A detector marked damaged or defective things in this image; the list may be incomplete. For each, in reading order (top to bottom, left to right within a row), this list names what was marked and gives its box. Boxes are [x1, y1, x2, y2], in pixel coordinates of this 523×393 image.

────

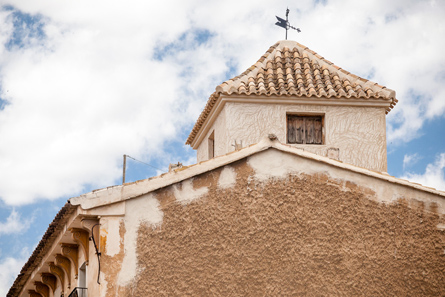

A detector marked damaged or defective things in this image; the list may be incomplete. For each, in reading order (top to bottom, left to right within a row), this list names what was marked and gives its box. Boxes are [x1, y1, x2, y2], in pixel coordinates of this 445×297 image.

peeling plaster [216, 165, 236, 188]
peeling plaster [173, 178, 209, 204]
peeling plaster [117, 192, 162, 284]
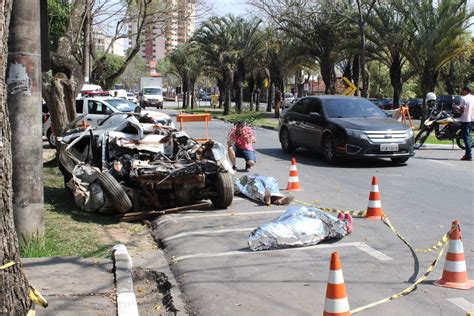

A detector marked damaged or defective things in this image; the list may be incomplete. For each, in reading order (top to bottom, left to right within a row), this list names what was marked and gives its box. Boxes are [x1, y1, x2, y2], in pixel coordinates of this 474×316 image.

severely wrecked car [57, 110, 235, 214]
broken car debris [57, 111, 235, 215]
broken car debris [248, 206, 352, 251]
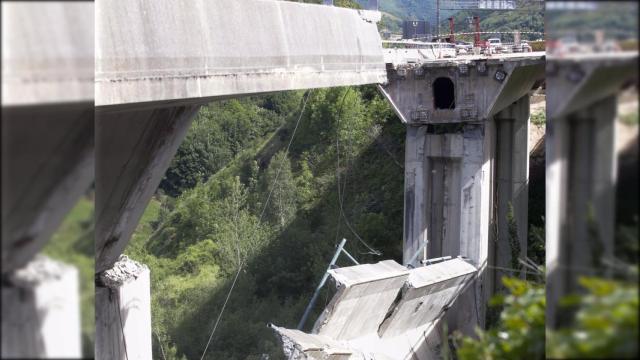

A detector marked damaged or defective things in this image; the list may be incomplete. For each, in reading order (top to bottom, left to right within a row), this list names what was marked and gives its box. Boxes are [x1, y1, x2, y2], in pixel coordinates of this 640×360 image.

────

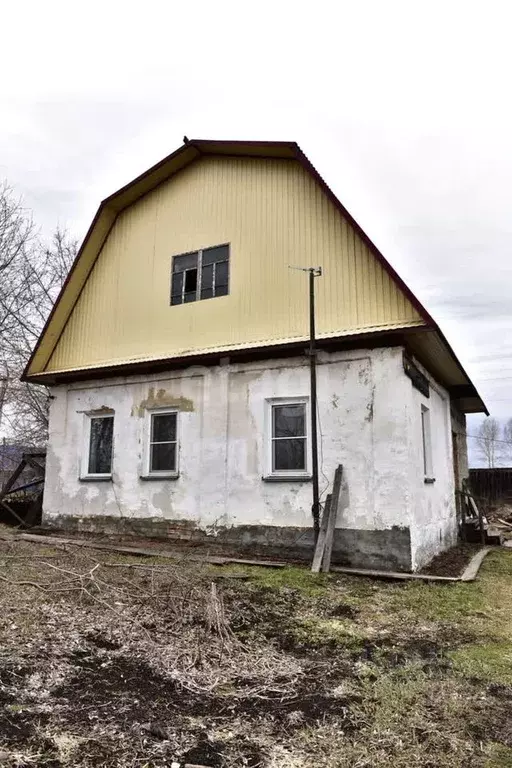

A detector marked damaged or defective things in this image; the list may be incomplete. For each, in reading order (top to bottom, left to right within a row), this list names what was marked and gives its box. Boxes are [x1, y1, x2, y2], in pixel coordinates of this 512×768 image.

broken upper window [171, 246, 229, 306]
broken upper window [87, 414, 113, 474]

────

### Exercise prompt
The lines to copy exactly start with the line above that has "this 474×316 image." and go on through the line that has "this 640×360 image."; please include both, add nothing else, and omit the pictures.

### Answer for this exercise
A detector marked damaged or defective things in this image; the list may be incomplete. For each, in reading order (top to bottom, left to right within a row), this list names what was marked and gives its box. Boxes are [x1, y1, x2, y2], in pixel coordinates of this 474×316 image.

severely wrecked car [57, 110, 235, 214]
broken car debris [57, 111, 235, 215]
broken car debris [248, 206, 352, 251]

A detector marked damaged or defective things in this image; the list may be incomplete. For each, in reading order (top to bottom, left to right within a row), this list names what was marked and gives its box. Boxes are [x1, y1, x2, y2], in pixel coordinates of this 640×360 image.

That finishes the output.